- Born: Los Angeles, California, U.S.
- Occupation: Illustrator;
- Website: www.jenbartel.com

= Jen Bartel =

American illustrator and comic artist

Jen Bartel is an American illustrator and comic artist, best known for her work for Marvel Comics and Image Comics. She co-created the comic Blackbird for Image with Sam Humphries. She won two Eisner Awards for her work as a cover artist in 2019 and 2022.

==Personal life==
Jen Bartel was born in Los Angeles and is from Korean and Japanese descent. She spent her childhood, from first grade up to graduating high school in South Korea. She is queer.

==Career==
Bartel was scouted for mainstream comics cover work after she published her fan art on social media platforms.

Bartel created the cover art for Star Wars: Women of the Galaxy, and DC: Women of Action, both published by Chronicle Books.

She created graphic designs for Adidas brand shoes featuring the Marvel Cinematic Universe character Captain Marvel, and Marvel Cinematic Universe character Thanos tied in with the releases of the Captain Marvel and Avengers: Endgame films in 2019.

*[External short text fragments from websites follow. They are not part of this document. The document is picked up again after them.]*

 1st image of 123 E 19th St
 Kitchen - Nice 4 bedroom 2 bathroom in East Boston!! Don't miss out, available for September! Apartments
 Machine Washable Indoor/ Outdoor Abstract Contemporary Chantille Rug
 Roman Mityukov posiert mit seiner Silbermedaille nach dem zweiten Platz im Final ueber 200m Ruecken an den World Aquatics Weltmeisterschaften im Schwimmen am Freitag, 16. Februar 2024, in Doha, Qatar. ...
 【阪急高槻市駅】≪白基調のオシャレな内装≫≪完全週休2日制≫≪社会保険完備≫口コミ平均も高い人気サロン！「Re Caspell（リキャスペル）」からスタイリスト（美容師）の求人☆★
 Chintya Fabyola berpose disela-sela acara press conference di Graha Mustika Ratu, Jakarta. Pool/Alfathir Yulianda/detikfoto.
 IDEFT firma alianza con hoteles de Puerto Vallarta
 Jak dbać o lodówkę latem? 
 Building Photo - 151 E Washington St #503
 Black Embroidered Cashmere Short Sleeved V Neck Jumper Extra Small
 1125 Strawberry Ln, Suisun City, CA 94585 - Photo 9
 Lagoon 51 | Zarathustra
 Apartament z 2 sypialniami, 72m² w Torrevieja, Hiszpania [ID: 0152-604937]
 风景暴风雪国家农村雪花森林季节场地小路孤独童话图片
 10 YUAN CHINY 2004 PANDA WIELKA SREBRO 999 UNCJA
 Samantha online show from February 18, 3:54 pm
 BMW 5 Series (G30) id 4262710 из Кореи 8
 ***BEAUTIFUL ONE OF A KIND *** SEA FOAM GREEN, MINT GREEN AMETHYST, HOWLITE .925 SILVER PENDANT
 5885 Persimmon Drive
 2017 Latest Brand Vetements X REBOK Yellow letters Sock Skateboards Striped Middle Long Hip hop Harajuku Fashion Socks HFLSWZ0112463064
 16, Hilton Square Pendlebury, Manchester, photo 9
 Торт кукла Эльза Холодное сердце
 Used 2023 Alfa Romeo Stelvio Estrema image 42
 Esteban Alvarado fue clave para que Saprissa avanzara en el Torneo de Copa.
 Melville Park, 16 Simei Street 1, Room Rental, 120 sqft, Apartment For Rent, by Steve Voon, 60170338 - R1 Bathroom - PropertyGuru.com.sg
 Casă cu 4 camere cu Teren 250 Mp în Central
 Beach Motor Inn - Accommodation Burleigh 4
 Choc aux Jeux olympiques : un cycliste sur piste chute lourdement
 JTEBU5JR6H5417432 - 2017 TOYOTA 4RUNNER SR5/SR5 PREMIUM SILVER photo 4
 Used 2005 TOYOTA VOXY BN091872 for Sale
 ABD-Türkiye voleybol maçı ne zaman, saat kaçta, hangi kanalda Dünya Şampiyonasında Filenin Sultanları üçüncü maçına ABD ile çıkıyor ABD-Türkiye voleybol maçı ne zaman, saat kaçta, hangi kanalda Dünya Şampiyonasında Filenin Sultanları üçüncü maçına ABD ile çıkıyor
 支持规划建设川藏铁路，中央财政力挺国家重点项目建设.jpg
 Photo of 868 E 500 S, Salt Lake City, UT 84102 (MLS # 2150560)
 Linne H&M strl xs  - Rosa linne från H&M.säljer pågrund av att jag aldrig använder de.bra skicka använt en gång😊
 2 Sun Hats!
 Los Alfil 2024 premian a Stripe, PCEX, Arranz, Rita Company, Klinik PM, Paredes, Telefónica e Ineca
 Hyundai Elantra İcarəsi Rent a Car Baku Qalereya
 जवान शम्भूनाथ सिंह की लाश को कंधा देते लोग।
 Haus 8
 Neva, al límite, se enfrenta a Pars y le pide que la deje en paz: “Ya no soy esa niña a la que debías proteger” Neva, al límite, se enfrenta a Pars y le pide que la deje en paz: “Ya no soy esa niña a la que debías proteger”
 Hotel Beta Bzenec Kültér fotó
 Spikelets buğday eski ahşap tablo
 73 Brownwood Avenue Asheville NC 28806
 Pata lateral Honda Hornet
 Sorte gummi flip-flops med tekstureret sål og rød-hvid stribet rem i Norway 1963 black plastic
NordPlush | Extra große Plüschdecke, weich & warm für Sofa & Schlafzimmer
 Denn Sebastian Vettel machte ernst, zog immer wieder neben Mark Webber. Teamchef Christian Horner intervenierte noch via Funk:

Bartel also created graphic designs for the Puma and Foot Locker corporation featuring DC Extended Universe character Harley Quinn timed to coincide with the release of the DC Extended Universe film Birds of Prey (and the Fantabulous Emancipation of One Harley Quinn).

In 2021 Bartel created a Marvel variant cover collection to celebrate Women's History Month. She created eight covers that showed off some othe most popular Marvel female characters. Starting in 2022, Bartel was the main cover artist for Rainbow Rowell's She-Hulk.

In 2023, she continued her freelance work with Marvel. As part of the annual Hellfire Gala event, Bartel was commissioned by Marvel with designing a new gala outfit for Captain Marvel. It was included as a variant cover with Captain Marvel: Dark Tempest #1. With the new relaunch of the Captain Marvel volume that coincided with The Marvels, she was tasked with redesigning with the characters' costume using her own previous design as the base.

==Awards and nominations==
She has won two Eisner Awards for her work as a cover artist on Blackbird (Image) and Submerged (Vault) in 2019 and in 2022 for her Wonder Woman and Women of Marvel covers. Besides her two wins she was nominated in 2020 and 2023 for the same award.

In 2018, The Marvel Comic America, to which Bartel contributed as one artist among 18 creators, was nominated for a GLAAD media award.